Open Water certifies you to go down to 18m
We went diving with a small dive shop in town. This meant it was just the two of us with our instructor, and he could pick the dive sites. We had to do some homework from the book, and set up our own gear (something we hadn't done since way back in Honduras).
When you dive deep, you use your air much more quickly, so generally have less dive time. But more importantly, you are in danger of nitrogen narcosis. This is like being drunk underwater. Slow reaction time, tunnel vision, and an occasional desire to offer your mouthpiece to passing fish because they're drowning. Our instructor says he hears voices. Unfortunately, I didn't feel much. Before we went down, he drew a 5x5 grid with the numbers 1-25 scattered randomly. We had to touch each of the numbers in order (harder than it sounds) while he timed us.
When the water is really clear, its hard to tell whether you're at 10m or 30m. But the visibility was bad, meaning you really felt how far you were going down into the darkness
After all that lesson stuff was out of the way, we got down to the business of enjoying our dive. And some dive it was. This was my first wall dive, where we were diving along a sheer rock wall. It is an incredible feeling to look UP the wall and see fish swimming above you and the sunlight filtering down. I couldn't tell whether I was narced or just happy. But then we saw the sea turtle munching on coral. That was cool.
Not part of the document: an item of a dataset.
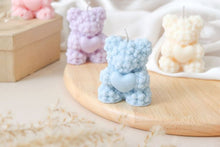 Load image into Gallery viewer, Flower Teddy Bear Candle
But not as cool as the leopard shark that come into view travelling the opposite direction. Leopard sharks aren't streamlined like black tips but kind of... melted like nurse sharks. Their back fin comes to a point almost like an eel, and they move with an undulating motion. As we hovered to watch it swim out of sight, another one came into view. This one was more curious, moving past us three times. On the third pass, the shark swished past within arm's reach. An amazing feeling.
We finished the dive with a swim through a cave
We took our surface interval in Maya Bay, watching a sea turtle come up for air occasionally. For our naturalist dive, we talked about the different kinds of fish and what we would see. Erin had a slate to draw on. Despite our naturalist intentions, we didn't see many impressive creatures on the second dive. Just a scorpionfish and a giant pufferfish. Still, it was a good dive.
Now we have to go back to the air-breathing half of the world.